A Travel Writer’s Guide To Places To Write About By Season
As I sit in a comfy chair that faces a picture window framing a pyramid-shaped mountain and a calm lake, two loons break the silence.
They paddle up to my little slice of Alaskan lakefront and serenade me for 10 minutes before moving on.
Every summer I travel to Alaska for fishing—that’s when the fishing is best—and experiences that help me write for two Alaska magazines. And, the flowers in summer in Alaska are just gorgeous. Not a bad gig! FAM trips—also called press trips—allow me to travel more for less. Already this year, in my second year of travel writing, I calculate the free trips and perks I’ve received at $14,234. That will continue to add up with the FAM trips I take later in the year and they’re a big reason I became a travel writer. They help me travel at a level of luxury I don’t want to pay out of pocket for—and if I didn’t use them, all my profits would be eaten in expenses.

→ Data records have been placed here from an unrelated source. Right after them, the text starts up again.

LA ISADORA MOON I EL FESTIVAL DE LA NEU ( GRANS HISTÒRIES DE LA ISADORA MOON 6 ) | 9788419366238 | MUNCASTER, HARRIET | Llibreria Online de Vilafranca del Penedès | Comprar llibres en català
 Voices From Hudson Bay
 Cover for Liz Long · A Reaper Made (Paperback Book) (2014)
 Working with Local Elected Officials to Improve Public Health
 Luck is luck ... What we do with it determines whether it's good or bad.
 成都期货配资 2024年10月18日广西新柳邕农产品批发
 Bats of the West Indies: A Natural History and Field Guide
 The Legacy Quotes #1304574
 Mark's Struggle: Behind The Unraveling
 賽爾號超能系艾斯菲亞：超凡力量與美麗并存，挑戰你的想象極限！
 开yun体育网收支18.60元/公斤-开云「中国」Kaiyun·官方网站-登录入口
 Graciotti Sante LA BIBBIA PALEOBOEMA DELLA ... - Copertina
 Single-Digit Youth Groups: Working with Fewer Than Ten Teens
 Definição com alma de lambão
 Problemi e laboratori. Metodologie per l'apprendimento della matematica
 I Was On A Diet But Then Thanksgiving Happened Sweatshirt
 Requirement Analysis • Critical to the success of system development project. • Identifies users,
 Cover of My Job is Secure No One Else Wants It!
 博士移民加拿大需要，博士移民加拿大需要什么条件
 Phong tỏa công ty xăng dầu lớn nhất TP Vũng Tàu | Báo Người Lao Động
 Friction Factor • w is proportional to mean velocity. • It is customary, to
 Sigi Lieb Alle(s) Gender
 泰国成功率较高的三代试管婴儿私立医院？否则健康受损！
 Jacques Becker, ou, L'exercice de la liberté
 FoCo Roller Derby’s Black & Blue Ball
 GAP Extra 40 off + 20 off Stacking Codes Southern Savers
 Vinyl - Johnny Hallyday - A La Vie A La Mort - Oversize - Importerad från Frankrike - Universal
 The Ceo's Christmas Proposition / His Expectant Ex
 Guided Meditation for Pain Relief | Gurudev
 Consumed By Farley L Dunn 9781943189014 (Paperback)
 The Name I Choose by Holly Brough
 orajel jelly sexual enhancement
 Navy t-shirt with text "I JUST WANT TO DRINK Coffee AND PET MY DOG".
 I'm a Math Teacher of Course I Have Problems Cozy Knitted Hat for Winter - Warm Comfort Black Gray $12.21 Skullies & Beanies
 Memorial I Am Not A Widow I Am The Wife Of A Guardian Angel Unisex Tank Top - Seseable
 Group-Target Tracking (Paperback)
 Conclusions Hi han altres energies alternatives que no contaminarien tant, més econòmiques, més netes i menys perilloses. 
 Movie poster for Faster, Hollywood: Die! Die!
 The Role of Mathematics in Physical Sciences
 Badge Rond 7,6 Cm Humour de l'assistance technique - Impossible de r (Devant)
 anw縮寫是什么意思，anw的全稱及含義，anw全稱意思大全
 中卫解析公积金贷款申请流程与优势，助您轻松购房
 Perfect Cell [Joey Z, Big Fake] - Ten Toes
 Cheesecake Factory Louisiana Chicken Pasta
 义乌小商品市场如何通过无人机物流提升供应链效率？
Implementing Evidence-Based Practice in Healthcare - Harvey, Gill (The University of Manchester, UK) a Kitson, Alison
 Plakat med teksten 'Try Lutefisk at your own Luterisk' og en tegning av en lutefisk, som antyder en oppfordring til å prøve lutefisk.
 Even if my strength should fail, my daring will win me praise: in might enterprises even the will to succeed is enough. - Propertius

My travel year typically has the same pattern…
I stay mostly at home to avoid peak season rates and crowds and take just one trip to Alaska for the best fishing. I write for the organic gardening section in Mother Earth News and tend my garden the rest of the summer. Local farm visits also provide me with fresh produce and material to write about.
In the fall, I go to places like Colorado, New York City, and the West Coast. In Colorado, I return to the places visited in my youth and draw inspiration from those experiences. In Oregon, Washington, and California I find new and old places to write about for some of the publications where I’m a regular contributor.
I’ve stayed at a mansion in Temecula and got to write about living the good life in luxury.In Oregon, I visited two of the cities south of Portland, exploring the area’s charms while indulging in great food and wine.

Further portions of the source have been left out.